WORK REQUIRED: Set down exactly each line of the entries below, beginning at the one that contains "Market position of" and ending at the last, and no others.
[DATASET ENTRIES]
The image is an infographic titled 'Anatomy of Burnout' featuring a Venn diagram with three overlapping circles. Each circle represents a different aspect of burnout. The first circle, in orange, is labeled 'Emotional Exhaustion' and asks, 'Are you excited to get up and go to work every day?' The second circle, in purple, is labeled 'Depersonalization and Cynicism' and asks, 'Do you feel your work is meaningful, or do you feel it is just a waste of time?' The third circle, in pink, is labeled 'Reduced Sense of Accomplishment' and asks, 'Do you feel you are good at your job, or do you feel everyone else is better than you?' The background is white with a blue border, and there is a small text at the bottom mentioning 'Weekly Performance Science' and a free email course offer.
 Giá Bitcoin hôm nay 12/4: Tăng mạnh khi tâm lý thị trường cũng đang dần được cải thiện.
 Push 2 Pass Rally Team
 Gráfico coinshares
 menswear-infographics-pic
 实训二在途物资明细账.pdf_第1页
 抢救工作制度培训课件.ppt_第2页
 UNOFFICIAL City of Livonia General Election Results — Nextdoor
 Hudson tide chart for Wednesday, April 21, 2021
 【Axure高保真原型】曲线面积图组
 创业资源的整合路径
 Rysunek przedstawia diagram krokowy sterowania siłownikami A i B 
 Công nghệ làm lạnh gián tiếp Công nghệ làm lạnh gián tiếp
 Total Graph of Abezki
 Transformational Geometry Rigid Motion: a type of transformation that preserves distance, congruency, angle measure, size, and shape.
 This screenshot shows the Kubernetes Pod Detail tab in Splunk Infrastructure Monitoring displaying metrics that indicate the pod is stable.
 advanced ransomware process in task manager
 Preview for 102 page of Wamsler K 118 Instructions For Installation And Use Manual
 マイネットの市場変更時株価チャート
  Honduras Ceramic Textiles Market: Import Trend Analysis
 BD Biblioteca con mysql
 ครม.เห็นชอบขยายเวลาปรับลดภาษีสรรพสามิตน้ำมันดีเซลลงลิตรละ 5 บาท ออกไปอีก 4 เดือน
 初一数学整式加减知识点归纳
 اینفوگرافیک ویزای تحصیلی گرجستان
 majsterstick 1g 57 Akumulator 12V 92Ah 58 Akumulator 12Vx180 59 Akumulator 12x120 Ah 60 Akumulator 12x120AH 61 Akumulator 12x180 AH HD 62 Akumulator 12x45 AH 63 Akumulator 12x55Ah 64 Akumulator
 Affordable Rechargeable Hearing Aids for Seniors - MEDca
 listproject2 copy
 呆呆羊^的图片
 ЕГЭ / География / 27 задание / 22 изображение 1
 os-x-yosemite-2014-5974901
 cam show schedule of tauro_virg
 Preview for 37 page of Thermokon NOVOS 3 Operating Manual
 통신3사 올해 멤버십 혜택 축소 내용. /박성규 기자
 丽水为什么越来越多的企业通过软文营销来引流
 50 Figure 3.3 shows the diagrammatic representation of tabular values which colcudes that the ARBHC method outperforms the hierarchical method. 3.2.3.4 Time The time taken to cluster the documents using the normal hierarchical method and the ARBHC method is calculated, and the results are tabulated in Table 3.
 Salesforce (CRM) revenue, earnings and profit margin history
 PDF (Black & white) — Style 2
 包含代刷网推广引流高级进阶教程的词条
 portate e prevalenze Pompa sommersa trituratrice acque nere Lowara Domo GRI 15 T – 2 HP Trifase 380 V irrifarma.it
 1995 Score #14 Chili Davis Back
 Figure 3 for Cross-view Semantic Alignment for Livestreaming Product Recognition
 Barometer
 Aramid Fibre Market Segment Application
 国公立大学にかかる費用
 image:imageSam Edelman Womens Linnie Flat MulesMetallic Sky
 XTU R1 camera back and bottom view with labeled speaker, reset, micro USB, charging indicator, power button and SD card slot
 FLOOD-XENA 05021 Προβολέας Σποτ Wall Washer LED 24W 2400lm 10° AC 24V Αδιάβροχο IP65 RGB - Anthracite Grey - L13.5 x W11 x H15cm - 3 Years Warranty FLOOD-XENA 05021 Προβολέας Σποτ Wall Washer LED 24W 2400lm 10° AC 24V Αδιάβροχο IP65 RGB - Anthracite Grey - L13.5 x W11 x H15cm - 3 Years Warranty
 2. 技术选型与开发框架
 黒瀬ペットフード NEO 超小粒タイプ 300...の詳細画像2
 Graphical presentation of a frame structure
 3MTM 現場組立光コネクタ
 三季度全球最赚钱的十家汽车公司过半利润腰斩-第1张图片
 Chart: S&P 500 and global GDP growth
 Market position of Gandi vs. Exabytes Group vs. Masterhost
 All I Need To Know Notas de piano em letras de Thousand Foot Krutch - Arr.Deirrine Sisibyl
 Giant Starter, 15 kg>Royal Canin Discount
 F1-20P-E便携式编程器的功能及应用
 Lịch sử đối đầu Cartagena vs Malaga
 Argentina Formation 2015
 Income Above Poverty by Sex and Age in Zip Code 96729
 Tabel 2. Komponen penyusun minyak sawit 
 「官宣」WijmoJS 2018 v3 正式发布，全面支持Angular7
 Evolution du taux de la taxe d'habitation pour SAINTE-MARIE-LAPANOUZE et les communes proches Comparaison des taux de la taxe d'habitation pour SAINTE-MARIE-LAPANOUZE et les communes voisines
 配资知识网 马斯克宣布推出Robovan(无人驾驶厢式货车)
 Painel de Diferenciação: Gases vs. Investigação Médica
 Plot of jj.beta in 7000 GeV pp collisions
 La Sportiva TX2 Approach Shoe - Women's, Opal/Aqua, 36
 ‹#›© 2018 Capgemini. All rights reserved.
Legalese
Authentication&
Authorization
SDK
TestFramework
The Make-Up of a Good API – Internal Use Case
[/DATASET ENTRIES]
COMPLETED EXERCISE:
 Market position of Gandi vs. Exabytes Group vs. Masterhost
 All I Need To Know Notas de piano em letras de Thousand Foot Krutch - Arr.Deirrine Sisibyl
 Giant Starter, 15 kg>Royal Canin Discount
 F1-20P-E便携式编程器的功能及应用
 Lịch sử đối đầu Cartagena vs Malaga
 Argentina Formation 2015
 Income Above Poverty by Sex and Age in Zip Code 96729
 Tabel 2. Komponen penyusun minyak sawit 
 「官宣」WijmoJS 2018 v3 正式发布，全面支持Angular7
 Evolution du taux de la taxe d'habitation pour SAINTE-MARIE-LAPANOUZE et les communes proches Comparaison des taux de la taxe d'habitation pour SAINTE-MARIE-LAPANOUZE et les communes voisines
 配资知识网 马斯克宣布推出Robovan(无人驾驶厢式货车)
 Painel de Diferenciação: Gases vs. Investigação Médica
 Plot of jj.beta in 7000 GeV pp collisions
 La Sportiva TX2 Approach Shoe - Women's, Opal/Aqua, 36
 ‹#›© 2018 Capgemini. All rights reserved.
Legalese
Authentication&
Authorization
SDK
TestFramework
The Make-Up of a Good API – Internal Use Case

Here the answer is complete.